§ **WORK REQUEST**: Any picture in the data below gets skipped; print all the rest exactly.

§ **DATASET CONTENT**:

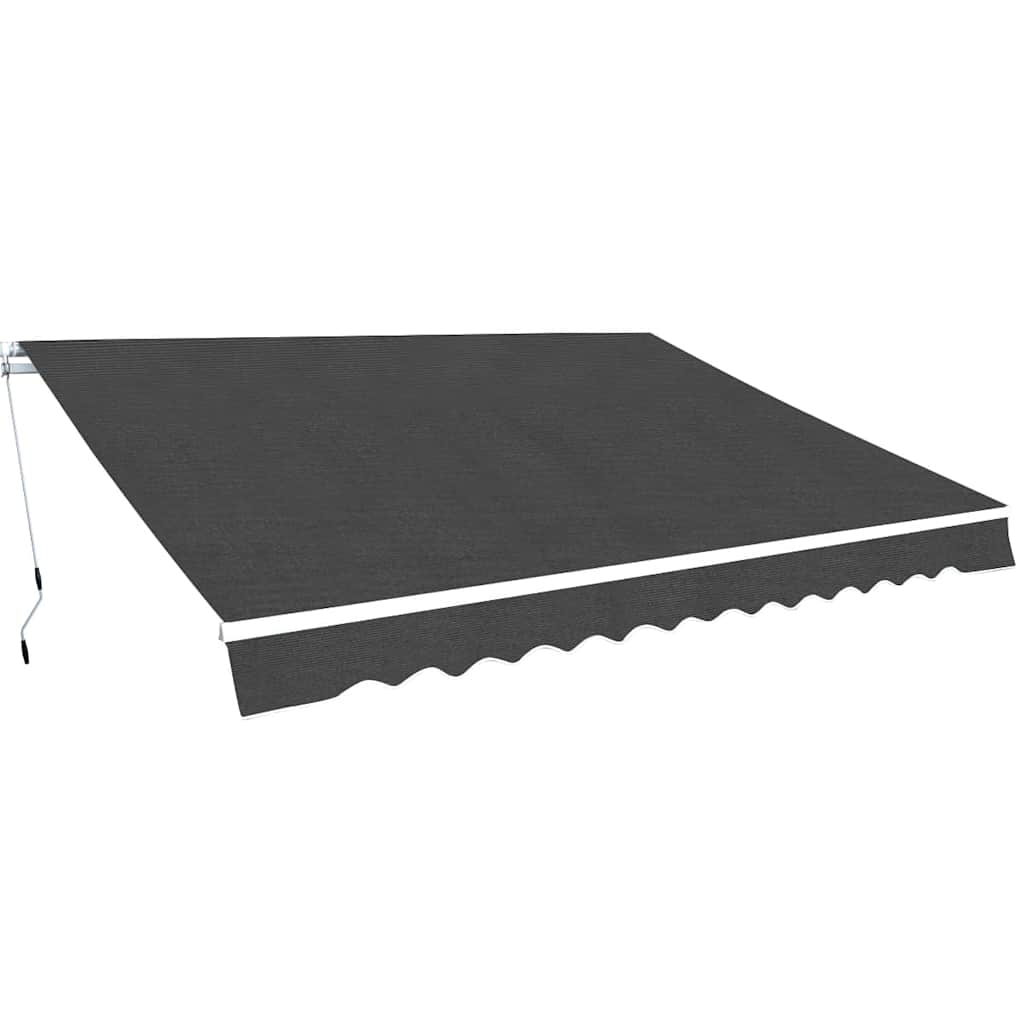 vidaXL Markiza zwijana ręcznie, 350 cm, antracytowa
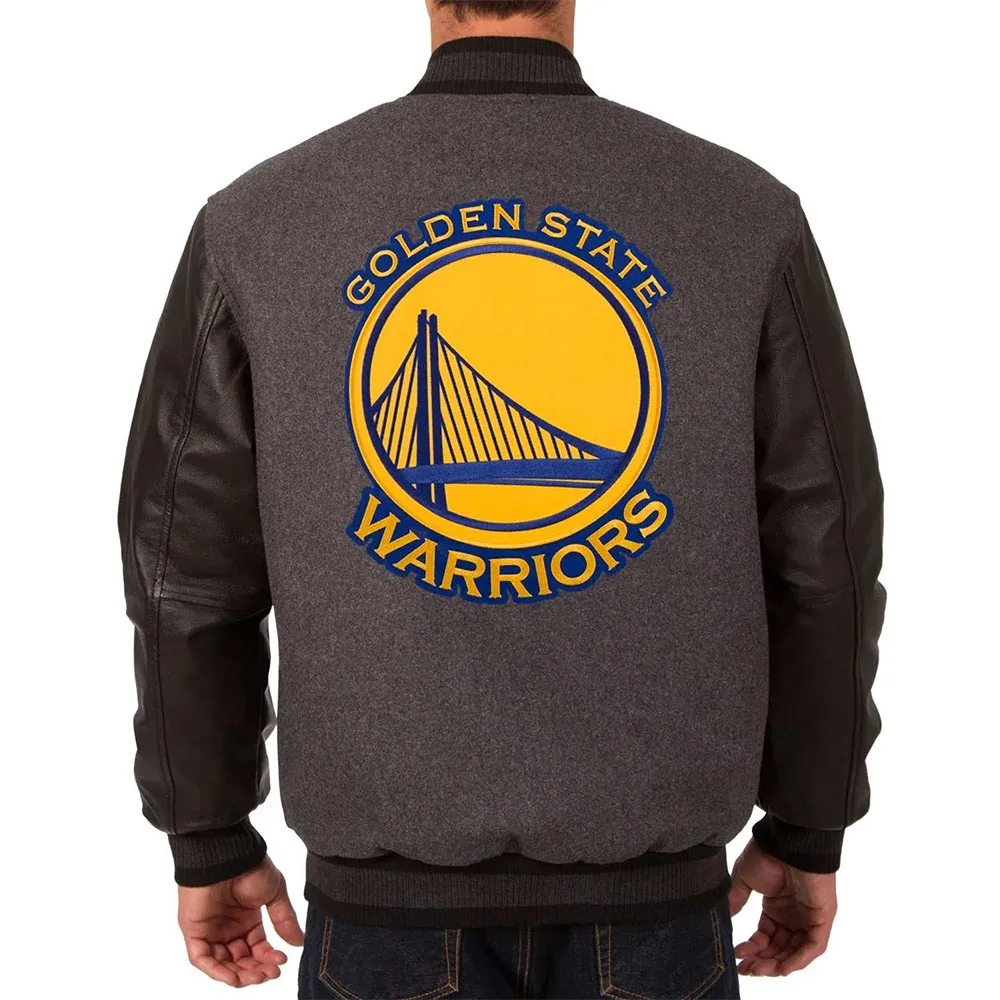 Golden State Warriors Varsity Charcoal And Black Jacket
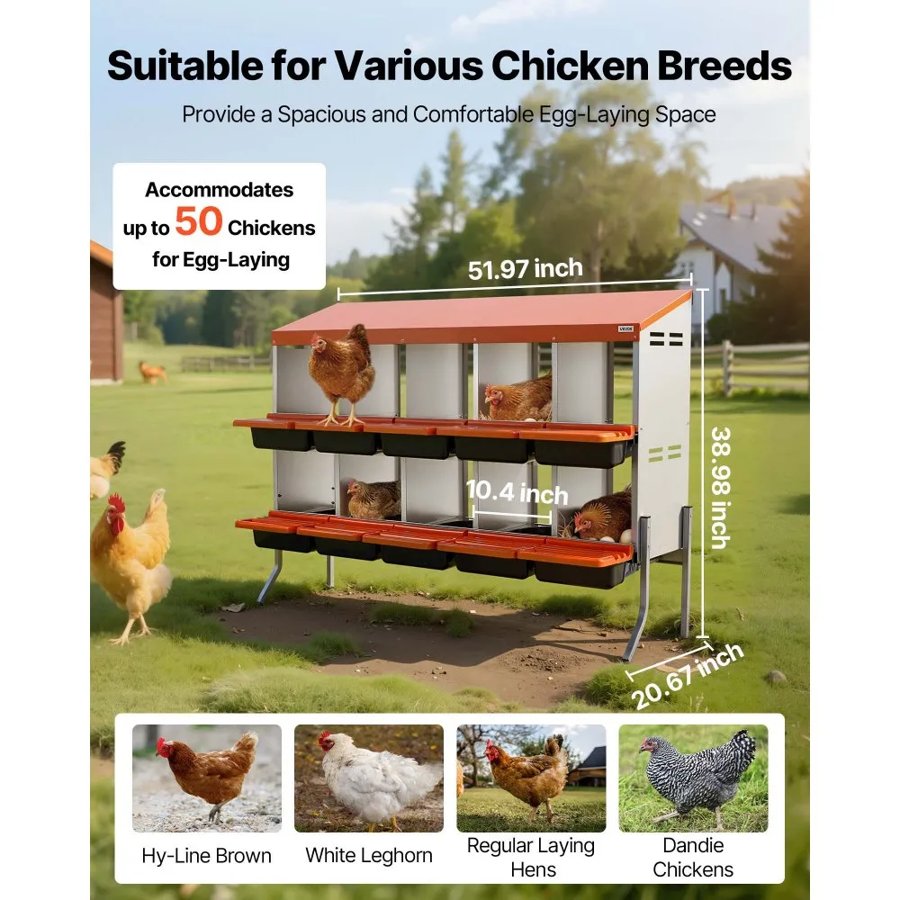 VEVOR Chicken Nesting Boxes with Egg Drop – 10 Compartments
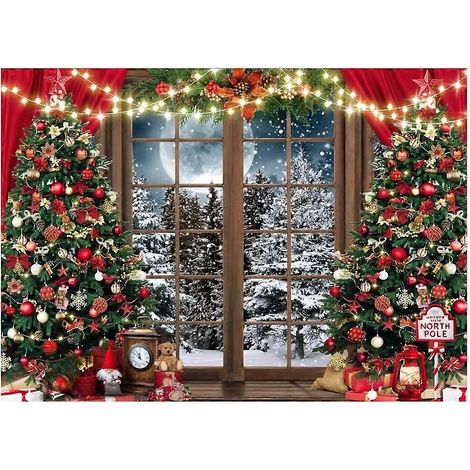 Fond photographique 150x100cm Thème de Noël Fond photographique Hiver Fantaisie et Merveilleux Arbre enneigé Rideau rouge (1/5)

§ **RESPONSE TO THE EXERCISE**:
 vidaXL Markiza zwijana ręcznie, 350 cm, antracytowa
 Golden State Warriors Varsity Charcoal And Black Jacket
 VEVOR Chicken Nesting Boxes with Egg Drop – 10 Compartments
 Fond photographique 150x100cm Thème de Noël Fond photographique Hiver Fantaisie et Merveilleux Arbre enneigé Rideau rouge (1/5)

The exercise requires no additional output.